╭─ THE RECORDS

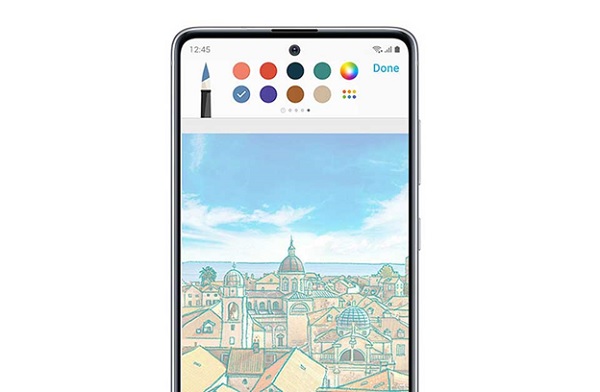 Note 10 Lite cũng tích hợp ứng dụng Samsung PENUP giúp người dùng vẽ và tải lên cách sản phẩm sáng tạo của mình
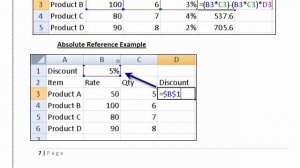 Excel - Cell Reference Type-  Excel Formula PDF Solution series - Part -2 | Excel Tutorial PDF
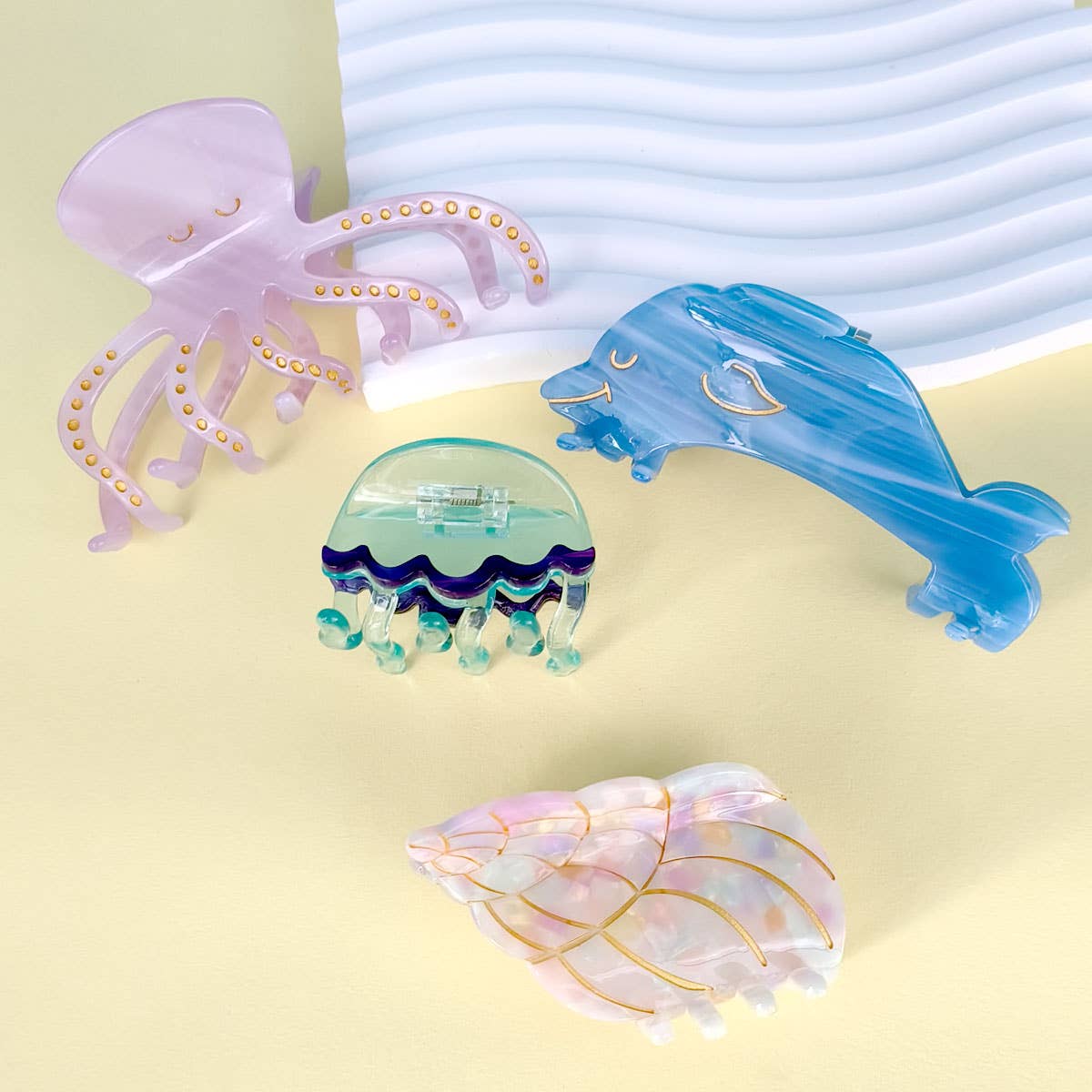 Ocean Hair Claw Clips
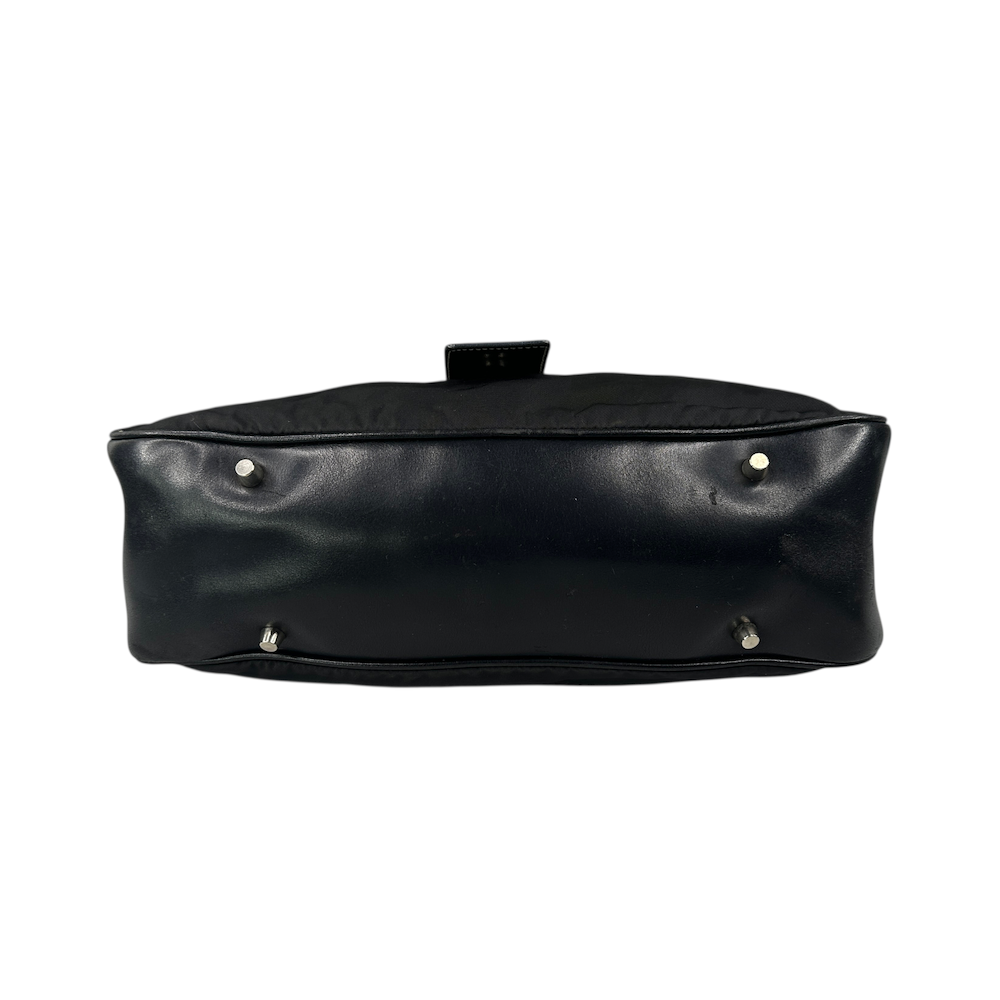 PRADA NYLON MOON SHOULDER BAG - BLACK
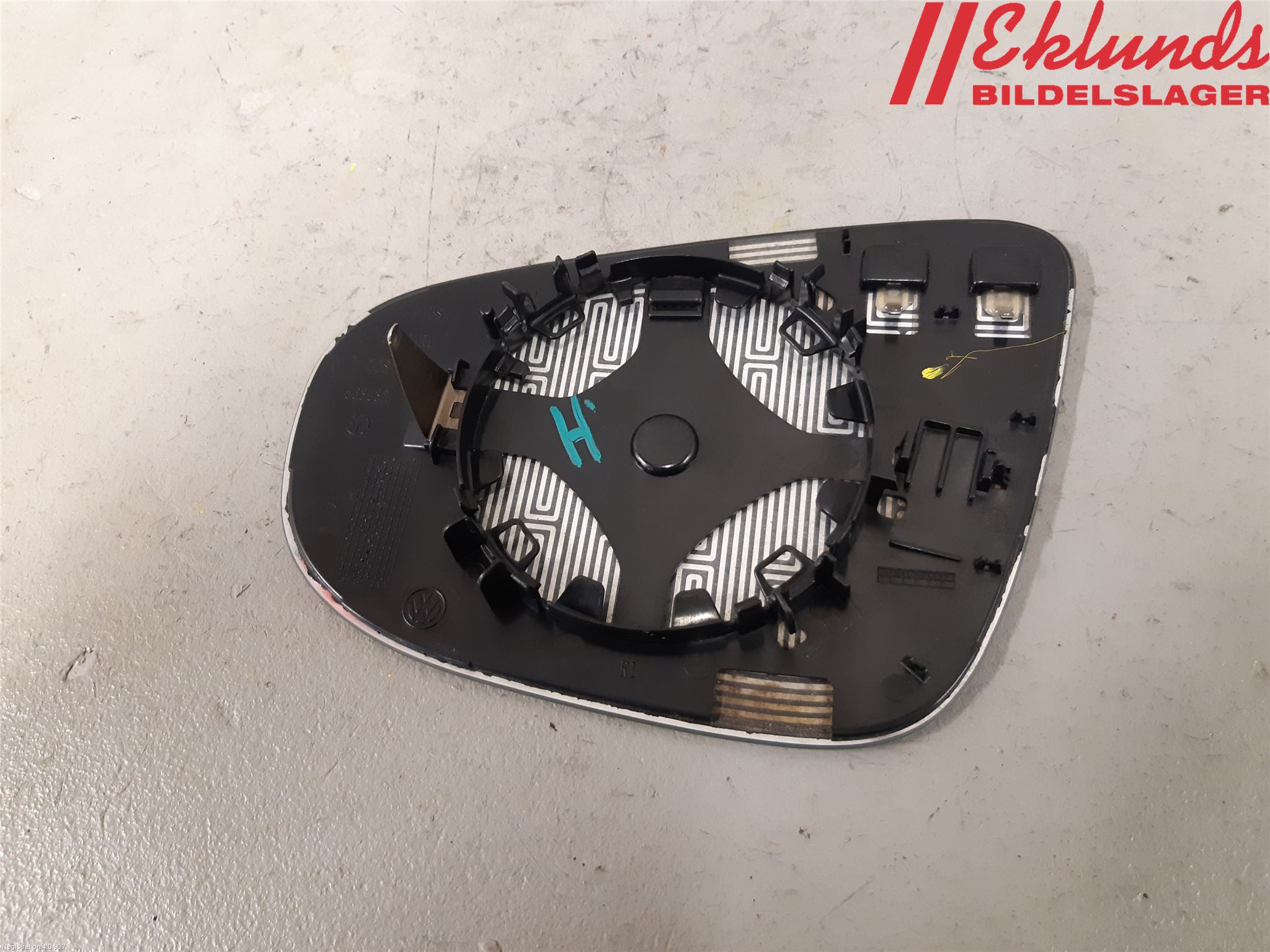 Volkswagen VW GOLF VI 09-13 Spegelglas Hö
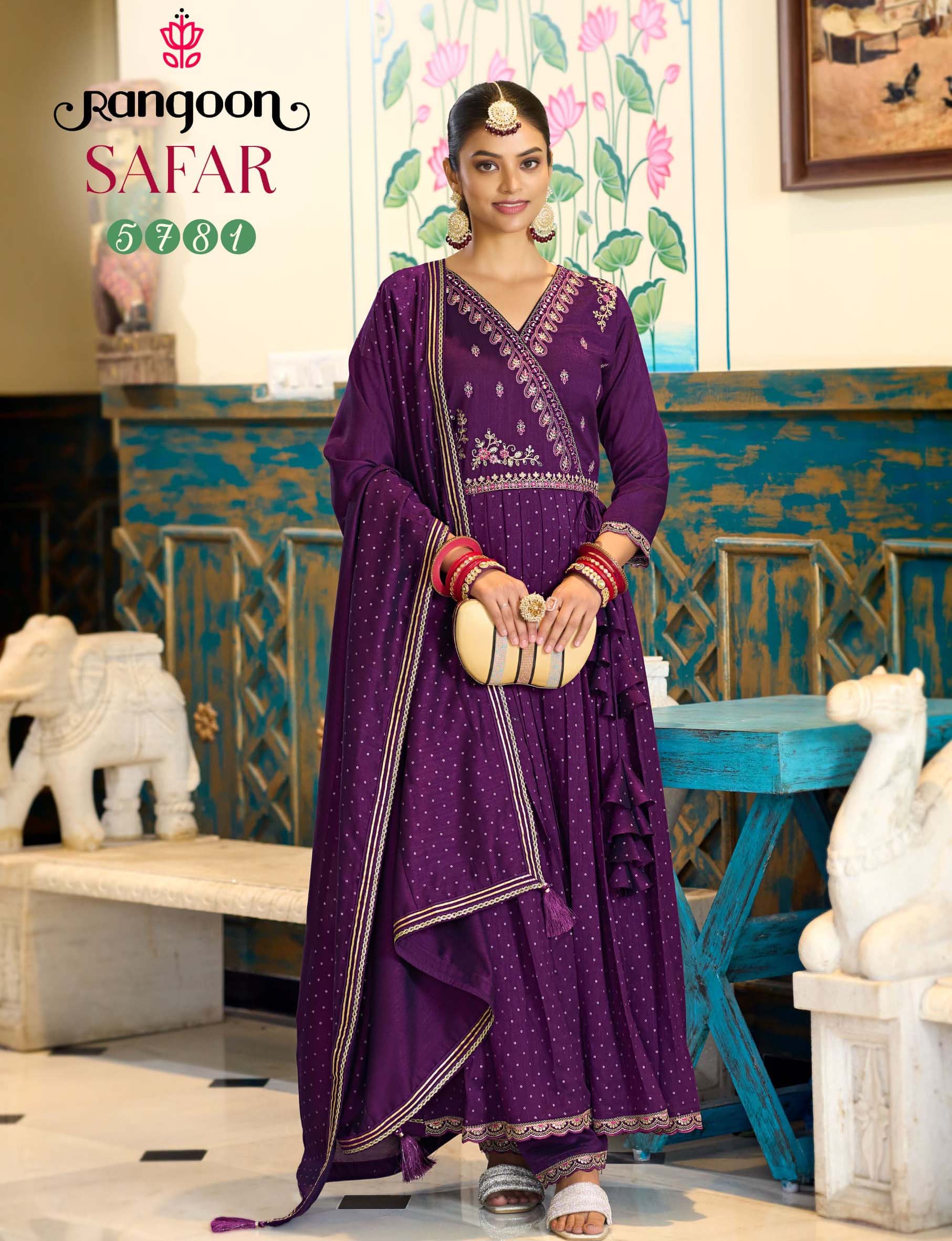 Rangoon Safar Silk Wholesale Readymade Salwar Suit Catalog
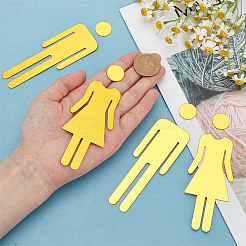 Акриловые наклейки для унитаза DIY-WH0569-66A-03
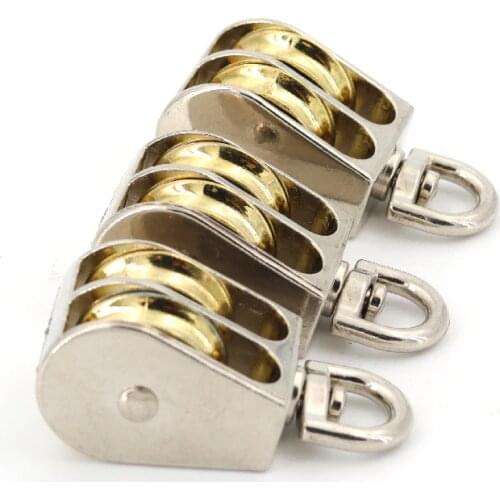 58 mm metal pulley, zinc alloy fixed pulley crown block and pulley pulley mini double pulley DIY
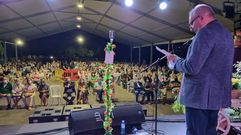 Eduardo G�mez, lendo o preg�n do Cristo no Barco 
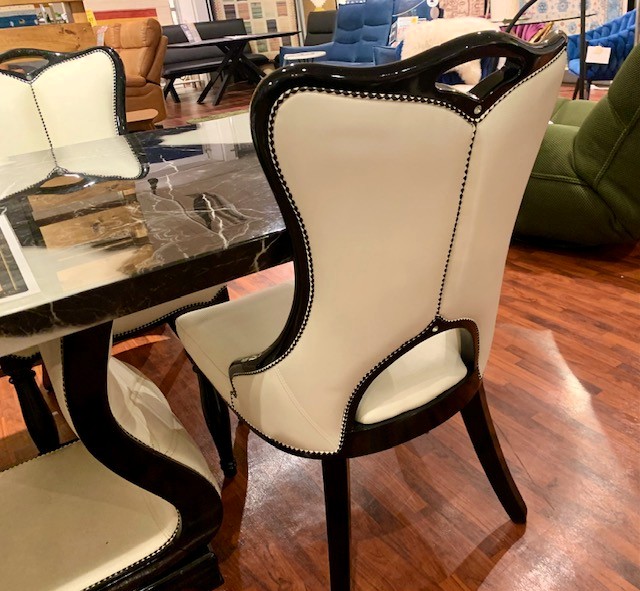 ダイニング5点セット 大理石調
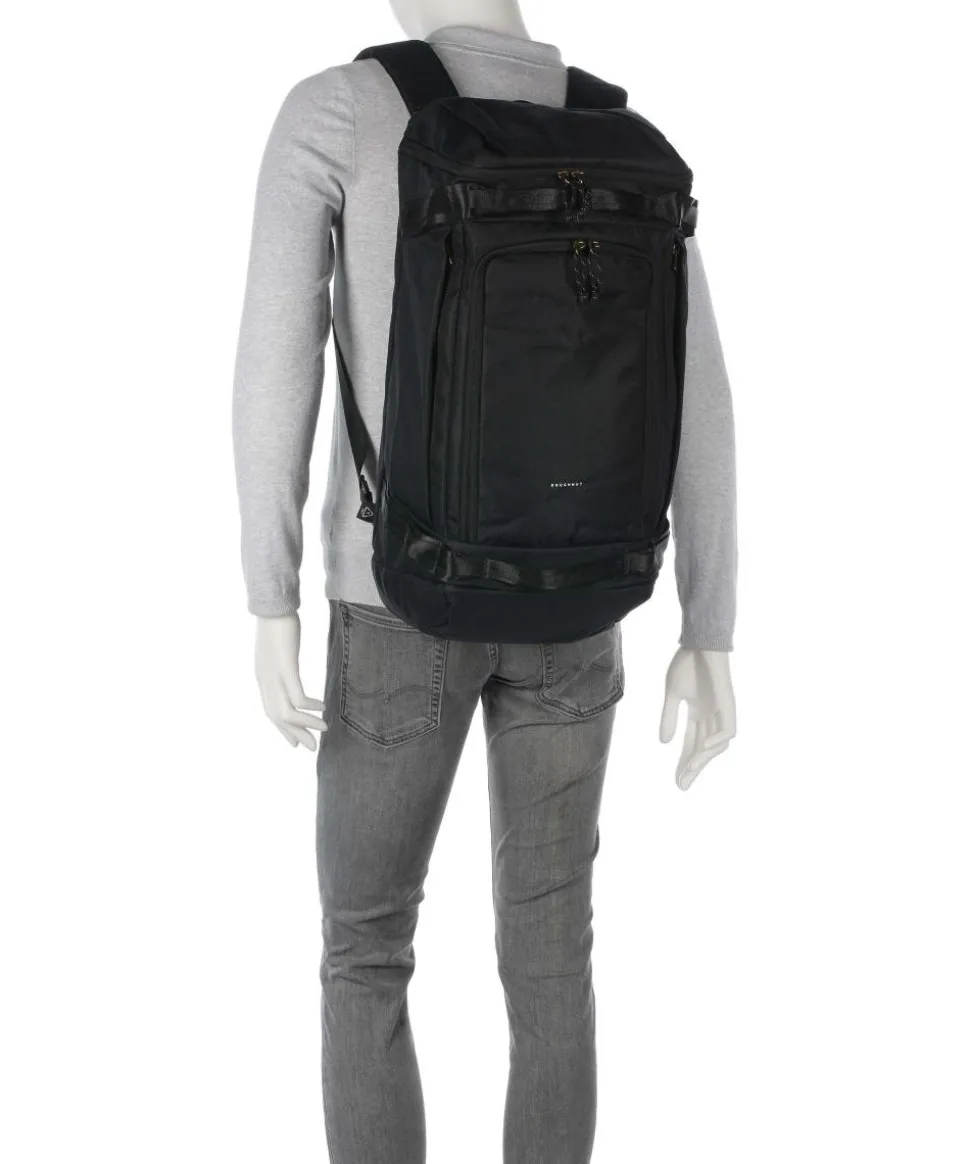 Reborn Navigator Reiserucksack 17″ recyceltes Polyester schwarz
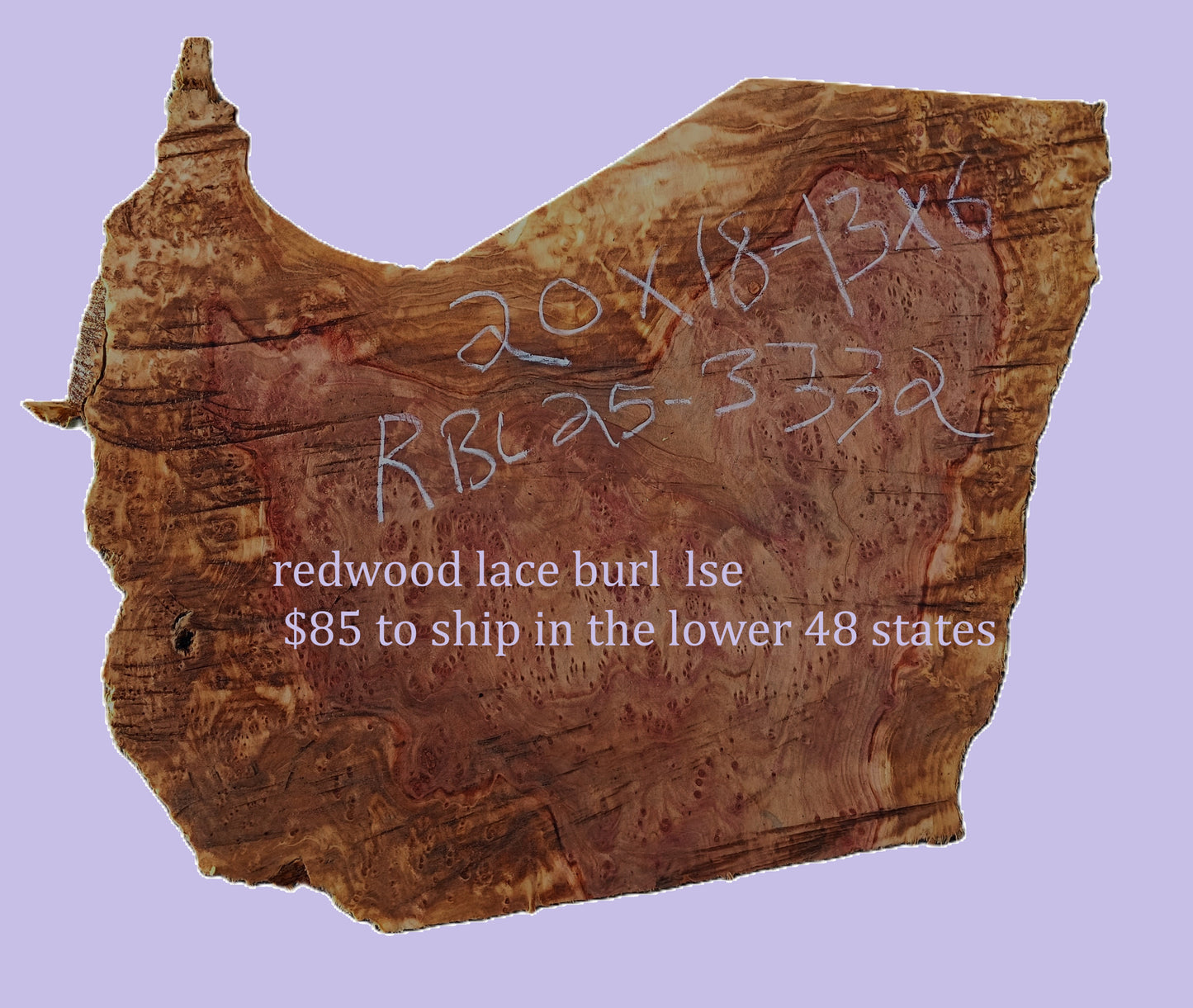 Redwood Lace Burl | DIY Crafts | Turning Block | RBL25-3332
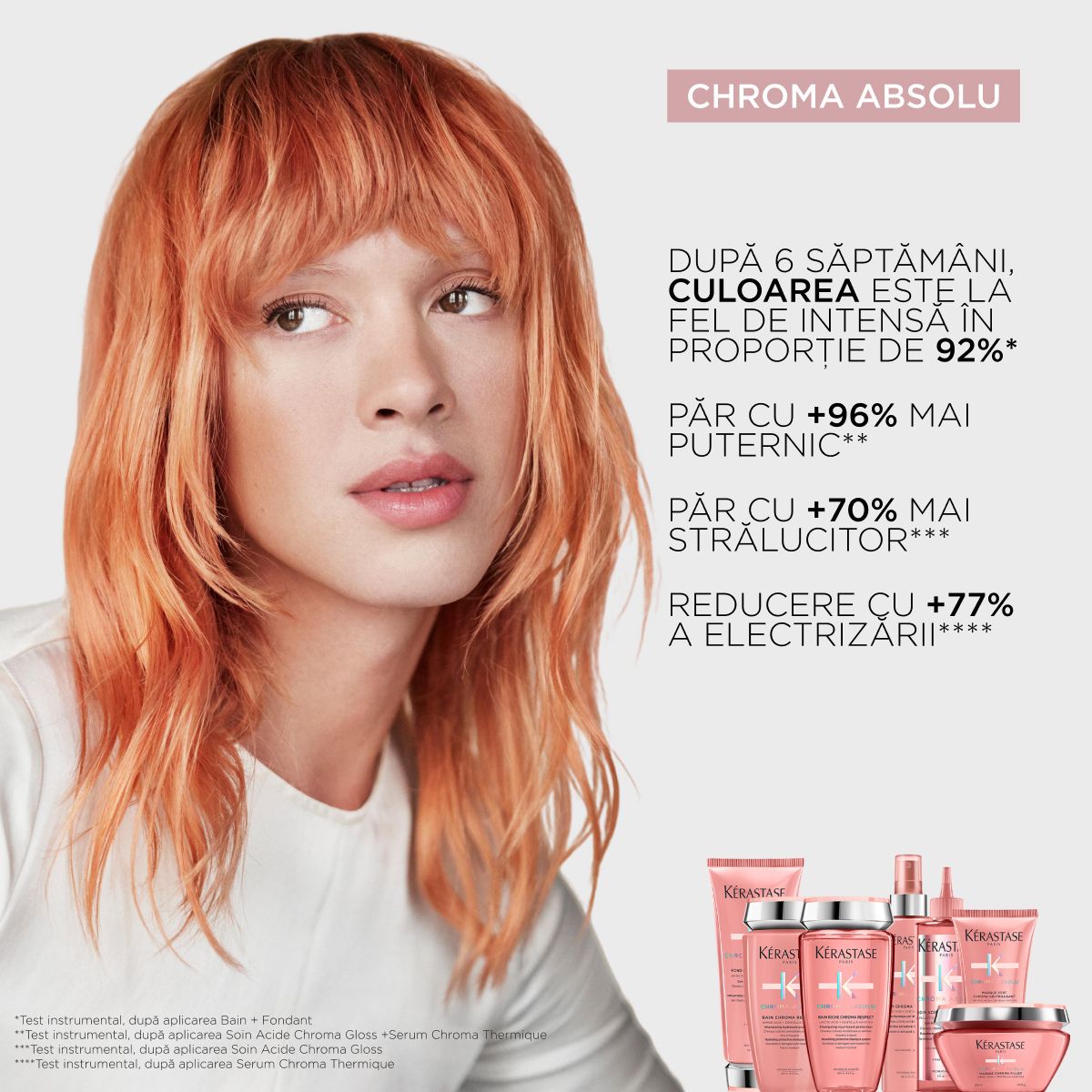Sampon pentru păr vopsit - Kerastase Chroma Absolu Bain Chroma Respect - pentru pentru toate tipurile de par vopsit, reîncărcabil 500ml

╰─

[ACTION ITEM] Starting from the line with "Volkswagen VW GOLF VI 09-13 Spegelglas Hö" in the records above, repeat each line exactly until you have written the line with "ダイニング5点セット 大理石調", then stop; drop the pictures.

[SOLUTION]
 Volkswagen VW GOLF VI 09-13 Spegelglas Hö
 Rangoon Safar Silk Wholesale Readymade Salwar Suit Catalog
 Акриловые наклейки для унитаза DIY-WH0569-66A-03
 58 mm metal pulley, zinc alloy fixed pulley crown block and pulley pulley mini double pulley DIY
 Eduardo G�mez, lendo o preg�n do Cristo no Barco 
 ダイニング5点セット 大理石調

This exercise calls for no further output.